Battlestar Galactica (the new incarnation)
Ok, this one also took me by surprise, and I'm only half-way through its first season. I suppose Ron Moore, who ran Star Trek - Deep Space 9 during its glory years, really was responsible for quite a lot of DS9's brilliance, as Battlestar Galactica seems to carry on a lot of the wonderful traditions of DS9: complex, interweaved storylines; well defined characters; and a fearlessness to do the unexpected. I only saw an episode or two of the original show in the early 1980s, and was pretty unimpressed (of course, I was 3 or 4 years old), but I am impressed with the start for this show. Grade: B+ (so far)

The Daily Show
This one irritates the living daylights out of me because since I lost my mythtv setup, I haven't been able to watch it!!! Especially after the events of last November, and all of the garbage since, this has been arguably the only beacon of light out there for reason, truth, and humor. May this show continue on forever. Grade: A- (only because I haven't seen it in FAR too long)

Chappelle's Show
I know everyone loves this show. Maybe I'm too white for the show's target demographic, but I won't go as far as the unwavering love for this show that many show. I find it to be hit and miss. When it hits (the racial draft, the Prince tale, etc), it's absolutely brilliant, but when it misses, it misses by a lot. Still, there's a definite fearlessness to the show, and I gotta admire Dave's ability to push the boundaries. There isn't much dangerous comedy on television (or anywhere) these days, and I hope the third season makes it to air to keep everyone on their toes. (and plus, even a hit and miss show, has its hits) Grade: B-

South Park
Trey Parker & Matt Stone seem to have kept much more of their edge for a lot longer than the Simpsons managed to, but I have to admit they seem to be running out of steam a bit. Even their Team America film was pretty scattershot. Still, even amongst increasing blandness, these two can still pull off a brilliant episode like where Kenny is chosen by Heaven to defeat the armies of Hell, only to find Kenny half-alive in a persistent vegetative state. They aired an episode mocking the Terry Shiavo controversy, on the NIGHT BEFORE her body died. On top of that, it was a VERY funny episode. While I wish they had more great episodes like this more often, I'm still pretty pleased with that one. Grade: B-

The West Wing
Given how good the show was in its first four years, and how bad it got when they lost the show's creator and primary writer (Aaron Sorkin) with its fifth year, I was very pleasantly surprised to see the show rebound quite a bit in its sixth year.
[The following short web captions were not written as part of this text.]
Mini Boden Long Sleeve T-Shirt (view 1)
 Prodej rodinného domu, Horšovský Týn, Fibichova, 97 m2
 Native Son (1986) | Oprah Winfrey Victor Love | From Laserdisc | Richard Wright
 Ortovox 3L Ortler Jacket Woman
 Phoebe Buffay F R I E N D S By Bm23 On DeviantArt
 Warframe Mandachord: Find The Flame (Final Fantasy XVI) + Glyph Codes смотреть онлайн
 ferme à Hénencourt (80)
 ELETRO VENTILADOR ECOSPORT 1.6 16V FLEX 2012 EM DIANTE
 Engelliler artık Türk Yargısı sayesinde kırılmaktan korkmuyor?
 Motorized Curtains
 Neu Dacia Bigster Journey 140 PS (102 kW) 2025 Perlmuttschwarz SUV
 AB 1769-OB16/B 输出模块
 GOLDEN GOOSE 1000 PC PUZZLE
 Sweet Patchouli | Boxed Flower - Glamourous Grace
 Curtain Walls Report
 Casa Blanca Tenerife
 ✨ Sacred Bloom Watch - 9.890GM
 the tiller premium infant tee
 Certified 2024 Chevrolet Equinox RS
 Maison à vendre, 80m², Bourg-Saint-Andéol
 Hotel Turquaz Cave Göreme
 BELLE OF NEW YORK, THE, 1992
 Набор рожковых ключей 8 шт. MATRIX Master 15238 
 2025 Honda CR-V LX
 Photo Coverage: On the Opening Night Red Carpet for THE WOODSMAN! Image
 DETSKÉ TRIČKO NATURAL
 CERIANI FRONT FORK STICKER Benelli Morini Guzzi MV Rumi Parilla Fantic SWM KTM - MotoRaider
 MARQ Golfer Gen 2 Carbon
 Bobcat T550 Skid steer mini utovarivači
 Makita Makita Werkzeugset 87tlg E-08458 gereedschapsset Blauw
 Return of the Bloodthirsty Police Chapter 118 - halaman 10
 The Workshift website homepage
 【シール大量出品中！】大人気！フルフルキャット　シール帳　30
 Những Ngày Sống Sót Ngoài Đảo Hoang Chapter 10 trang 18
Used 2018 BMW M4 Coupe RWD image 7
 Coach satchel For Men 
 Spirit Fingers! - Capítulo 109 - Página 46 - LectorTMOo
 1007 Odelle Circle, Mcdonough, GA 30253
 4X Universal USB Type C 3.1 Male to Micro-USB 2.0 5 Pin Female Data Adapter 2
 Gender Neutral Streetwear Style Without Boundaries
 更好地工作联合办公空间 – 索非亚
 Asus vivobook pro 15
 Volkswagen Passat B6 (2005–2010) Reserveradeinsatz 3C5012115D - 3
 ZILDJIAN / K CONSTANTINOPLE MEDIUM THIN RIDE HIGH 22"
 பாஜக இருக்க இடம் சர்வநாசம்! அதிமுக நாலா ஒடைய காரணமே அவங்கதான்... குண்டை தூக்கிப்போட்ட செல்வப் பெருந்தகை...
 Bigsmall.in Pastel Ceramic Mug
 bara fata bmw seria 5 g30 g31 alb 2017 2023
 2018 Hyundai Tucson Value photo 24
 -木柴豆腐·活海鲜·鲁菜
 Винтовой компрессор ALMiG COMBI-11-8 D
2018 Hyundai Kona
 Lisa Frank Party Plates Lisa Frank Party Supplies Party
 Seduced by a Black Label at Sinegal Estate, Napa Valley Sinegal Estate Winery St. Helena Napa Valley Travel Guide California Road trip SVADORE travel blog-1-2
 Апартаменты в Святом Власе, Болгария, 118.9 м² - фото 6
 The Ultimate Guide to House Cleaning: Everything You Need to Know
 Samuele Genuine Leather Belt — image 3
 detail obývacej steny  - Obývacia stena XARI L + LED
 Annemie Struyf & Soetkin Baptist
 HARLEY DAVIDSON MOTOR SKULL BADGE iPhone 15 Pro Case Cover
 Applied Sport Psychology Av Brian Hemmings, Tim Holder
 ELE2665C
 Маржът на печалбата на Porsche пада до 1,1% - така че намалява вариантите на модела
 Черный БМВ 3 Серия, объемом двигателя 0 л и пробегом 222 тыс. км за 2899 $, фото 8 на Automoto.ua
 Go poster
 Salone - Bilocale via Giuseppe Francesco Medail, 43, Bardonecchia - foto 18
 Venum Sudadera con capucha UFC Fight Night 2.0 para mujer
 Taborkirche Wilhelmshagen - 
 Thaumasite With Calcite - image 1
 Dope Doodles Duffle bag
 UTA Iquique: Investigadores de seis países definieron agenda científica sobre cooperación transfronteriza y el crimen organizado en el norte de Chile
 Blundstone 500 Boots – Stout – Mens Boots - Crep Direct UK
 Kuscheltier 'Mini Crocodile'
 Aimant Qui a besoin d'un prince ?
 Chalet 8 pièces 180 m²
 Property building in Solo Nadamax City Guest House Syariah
They've messed around with the show's chronology by skipping one of the year in Josiah Bartlett's term moving the elections to this fall, and they have been intent on shaking up the casts especially by splitting them in the 2nd half of the season to focus on primaries. Somehow though, they also made the show watchable again, and occasionally brought back some of the humor. Some of the episodes were over the top, and basically wish fulfillment for the writers, for instance in the episode where they "fix" the Israeli/Palestine issue in the space of 2 days, or where Bartlett single-handedly negotiates a stance to deal with North Korea in the space of 2 hours. If one can ignore that heavy handedness (of which there was FAR more in the 5th season), you actually got some interesting television, and an honestly compelling Republican candidate in the form of Alan Alda's Senator Vinnick. I doubt they'll let him win the "election", but it would be interesting (and I'm saying that as a pretty hardcore liberal). Anyway, the season was good enough to make me tune in to the 7th season. Grade: B

As an aside, I just noticed today that one of the actual signers for the real Declaration of Independence (which we are in theory celebrating today), was named Josiah Bartlett, and he was from the delegation from New Hampshire. I'm sure I'm not the first to notice it, but it's REALLY cool if you ask me.

Actually, that's pretty much of new TV that I ever watch these days. I turned off cable news not long after I abandoned this blog, because I realized what a wretched source of information that it really is. (ditto on talk radio) The only other show I watch semi-regularly is 60 Minutes, and that's not really gradable.

Sunday, July 03, 2005

This is('nt) serious

Lucky I don't have many (any?) readers, or people may worry about the length of time the previous post lasted at the top of the blog. No, I didn't hide in a bunker for the last 9 months. I've just been very busy with work at a startup, and school. I'm now nearly done with my master's degree though I may stretch out the time so I can take extra classes to better prepare myself for a doctoral program.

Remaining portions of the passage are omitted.